Asimismo, el evento sirvió para poner de manifiesto el protagonismo que adquiere el uso de tecnología BIM en esta nueva forma de entender la construcción.
El congreso abordó las principales estrategias de construcción sostenible y métodos eficientes de gestión de proyectos, así como los avances tecnológicos y lo nuevos materiales utilizados. Los distintos ponentes aseguraron que la evolución hacia modelos constructivos más industrializados, estandarizados e inteligentes, además de sostenibles, son las claves de desarrollo del sector constructivo. Y abogaron por promover la colaboración público-privada para impulsar las viviendas inteligentes y ciudades sostenibles en el futuro.
En la actualidad, la construcción industrializada en España avanza a paso lento en comparación con otros países de nuestro entorno. Tan sólo representa el 1% del sector mientras que en Alemania supone el 9% de la construcción de vivienda, en Reino Unido se sitúa en el 7% y en otros países, como Holanda, este tipo de edificación representa la mitad de las edificaciones e incluso alcanza la totalidad en Suecia.
Son múltiples las ventajas que presenta este innovador sistema constructivo. La primera es que permite reducir el tiempo de ejecución de un proyecto arquitectónico, tanto durante la fabricación, con un diseño estandarizado y un proceso automatizado, como en la de edificación, ya que el ensamblaje es más rápido, así como aligerar los costes (entre un 10-15% menos).

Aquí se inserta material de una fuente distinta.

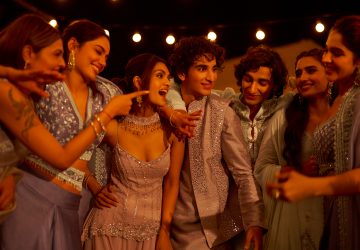 Diwali Outfits 2025: Traditional Dresses For Men & Women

Por otra parte, esta construcción genera menos residuos, al realizarse la mayor parte de los procesos en un taller o fábrica; consume menos agua y energía, y reduce la siniestralidad laboral porque las condiciones físicas en las que se desarrolla el trabajo son menos duras y el entorno está más controlado.

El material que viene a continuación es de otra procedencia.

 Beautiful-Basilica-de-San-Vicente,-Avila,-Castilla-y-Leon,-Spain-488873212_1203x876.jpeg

El hecho de que los componentes estructurales no se construyan in situ sino en un taller obliga a que el proyecto se piense y diseñe antes de la fabricación. En otras palabras, los proyectos deben ser concebidos como tal desde el inicio por todos los agentes involucrados. Para ello, es imprescindible una piedra clave que conecte y facilite la comunicación y el trabajo entre ellos. “BIM permite centralizar toda la información de un proyecto (geométrica, documental, etcétera) en un modelo digital desarrollado por todos los agentes que intervienen”, asegura Borja Sánchez Ortega, Director de Proyectos y Director del Máster BIM Manager Internacional (+VR) de la empresa especializada Espacio BIM (www.espaciobim.com).
La importancia del trabajo colaborativo en este tipo de construcciones es fundamental. Así lo ratifica Iñigo Salazar, Director Técnico en Dasein Ingenieros, empresa especialista en Ingeniería de estructuras, en la entrevista publicada en la sección AbiertoXObras de la mencionada empresa. “Contamos con personal propio en fábricas y obras que vela por la correcta transmisión de información entre las fases de diseño, fabricación y montaje”, explica Salazar.